Expression Interrupted

Türkiye’de ifade özgürlüğüne yönelik baskının öncelikli hedefi gazeteciler ve akademisyenler. Yüzlerce gazeteci ve akademisyen hakkında soruşturma açıldı, birçoğu tutuklandı. Bu site ifade özgürlüğünü kullandığı için soruşturma ve kovuşturmaya uğrayanlar hakkındaki yasal süreci takip etmektedir.

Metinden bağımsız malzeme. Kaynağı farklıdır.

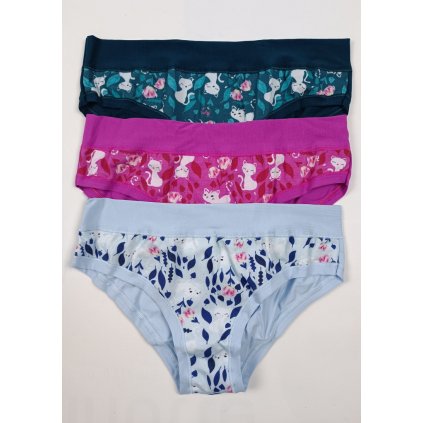 Dámské kalhotky Lovelygirl 6688D (Velikost L, Barva Vícebarevná)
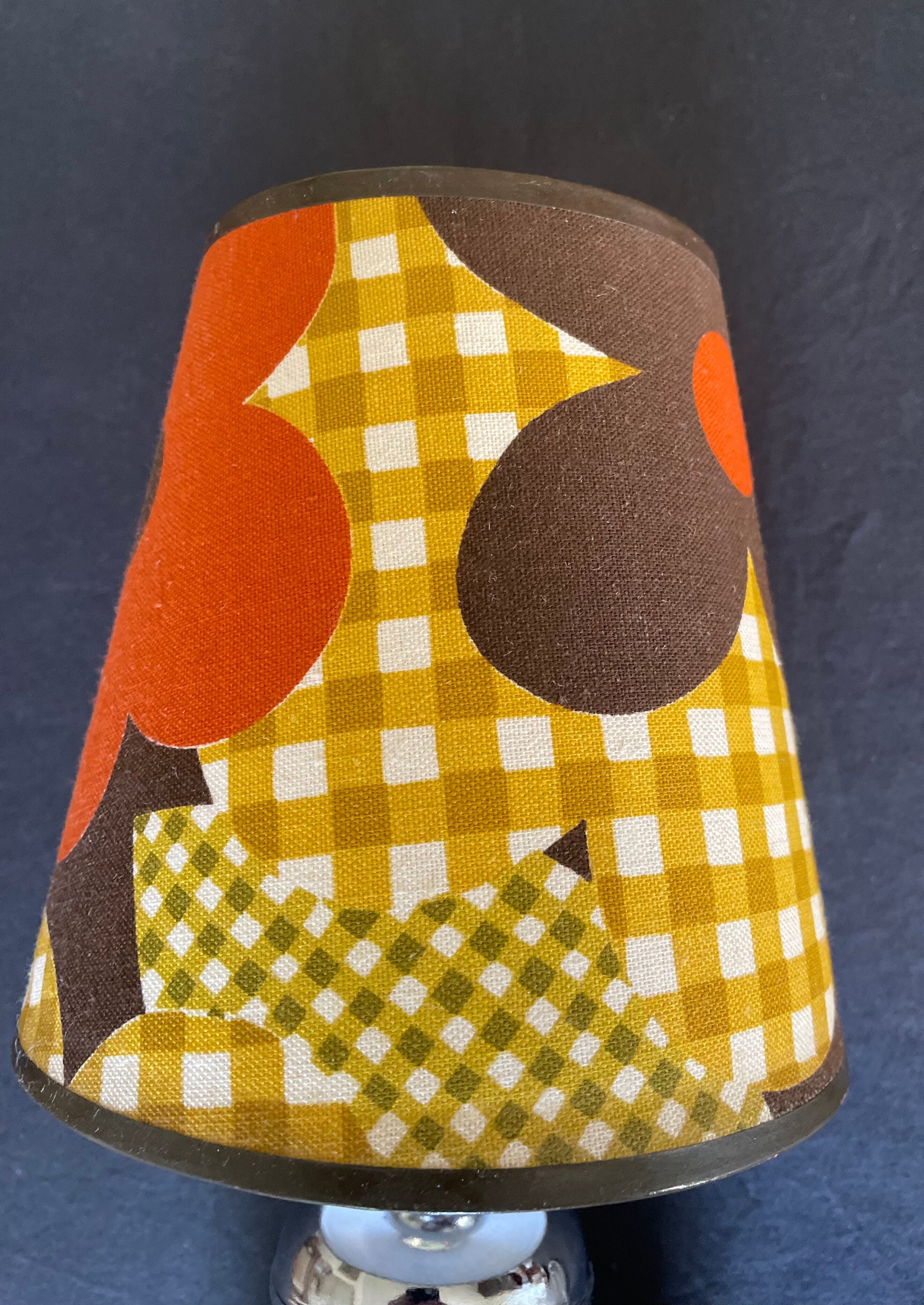 Lampe chromée années 70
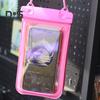 Waterproof Cell Phone Pouch Clear Underwater Phone Holder Protector Universal Mobile Phone Dry Bag with Neck Lanyard for Beach Swimming Pool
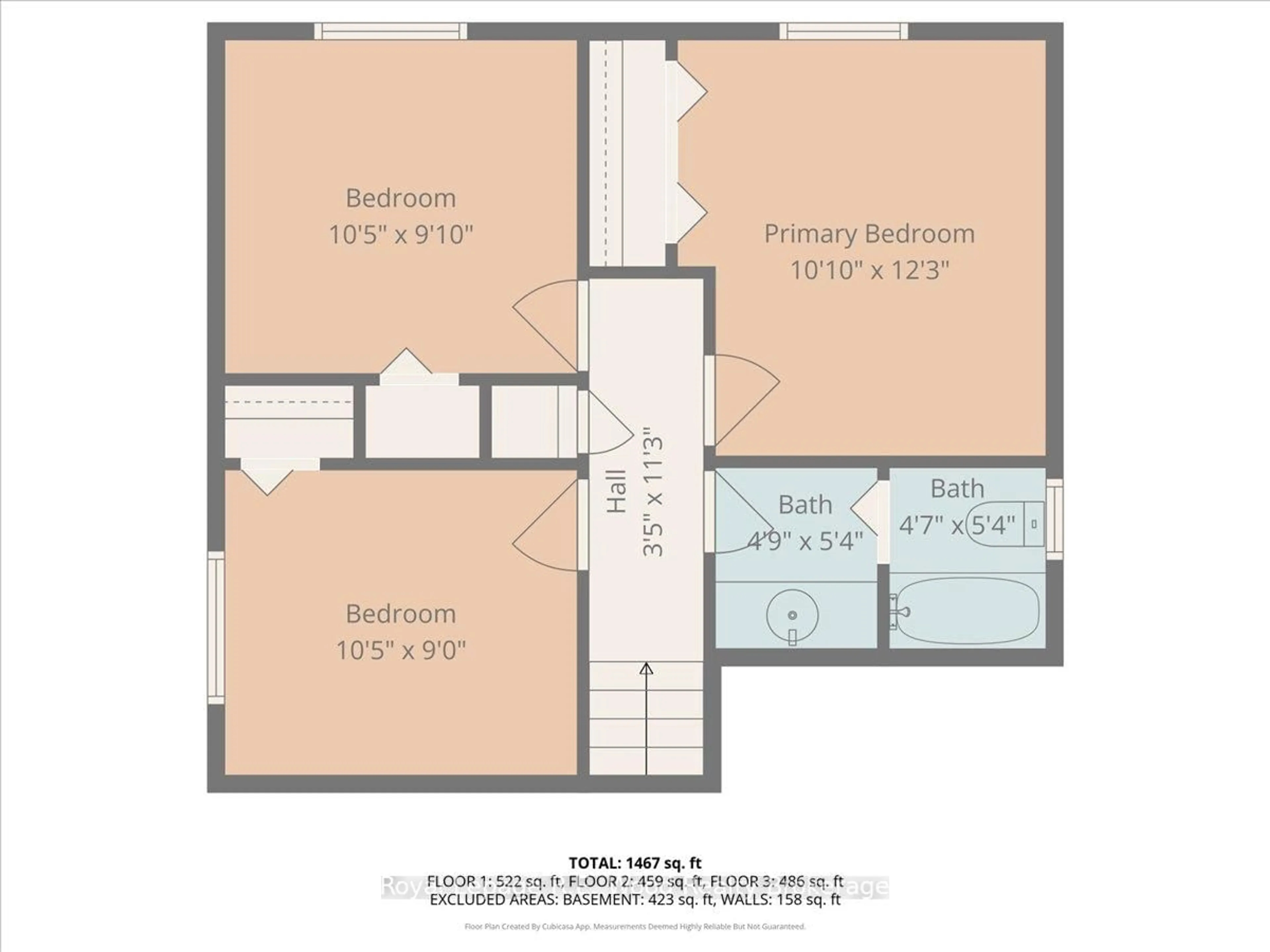 Floor plan for 52 Trottier Dr, Tillsonburg Ontario N4G 4R2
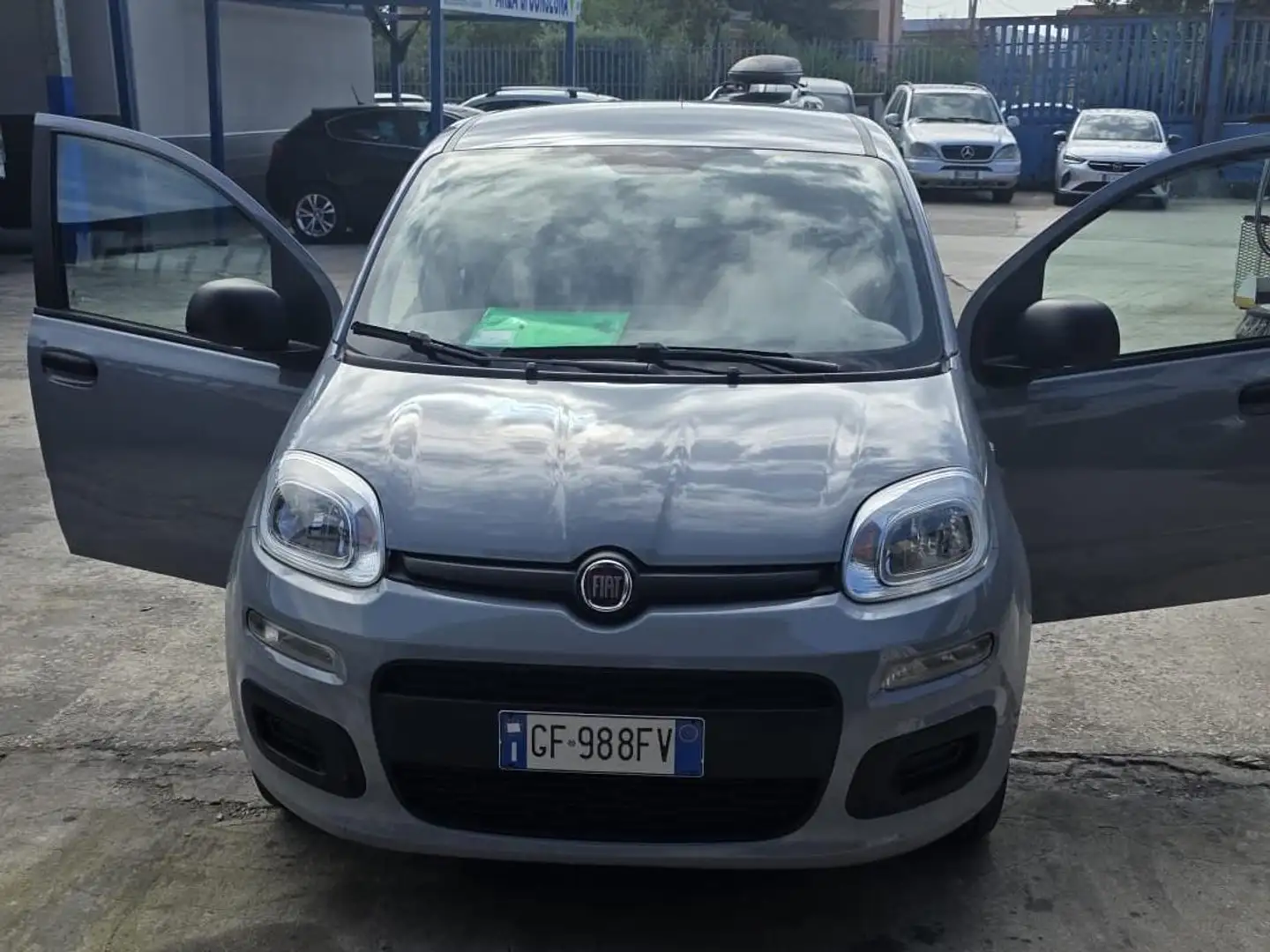Fiat Panda Panda 1.0 hybrid Easy Connect s Grigio - 1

Osman Kavala üçüncü kez tutuklandı

Osman Kavala üçüncü kez tutuklandı

İş insanı Osman Kavala, AİHM kararının kesinleşmesine 1 gün kala “gizli kalması gereken bilgileri siyasal veya askeri casusluk amacıyla temin etme” suçlamasıyla tutuklandı

İş insanı Osman Kavala, “Türkiye Cumhuriyeti hükümetini ortadan kaldırmaya teşebbüs” (TCK 312) suçundan ağırlaştırılmış müebbet hapis istemiyle yargılandığı Gezi davasından 18 Şubat 2020 tarihinde beraat etti. Aynı gün cezaevi çıkışında, 11 Ekim 2019’da re’sen tahliye edildiği 15 Temmuz darbe girişimi soruşturması kapsamında gözaltına alınan Kavala, 19 Şubat günü çıkarıldığı Nöbetçi Sulh Ceza Hâkimliği’nce “Türkiye Cumhuriyeti devletinin anayasal düzenini cebir, şiddet kullanarak değiştirmeye teşebbüs etme” (TCK 309) suçlamasıyla yeniden tutuklandı. İstanbul Cumhuriyet Başsavcılığı, Avrupa İnsan Hakları Mahkemesi’nin (AİHM) Kavala hakkında verdiği hak ihlali kararının kesinleşmesine 1 gün kala, aynı soruşturma dosyasında “yeni delil” bulunduğunu iddia etti. Savcılık, ABD’li akademisyen Henri Barkey ile “yoğun şüpheli ilişkilerinin tespit edildiği” iddialarına yer verdiği 9 Mart tarihli sevk yazısında, Kavala’nın “siyasal ve askeri casusluk” suçundan tutuklanması talep etti.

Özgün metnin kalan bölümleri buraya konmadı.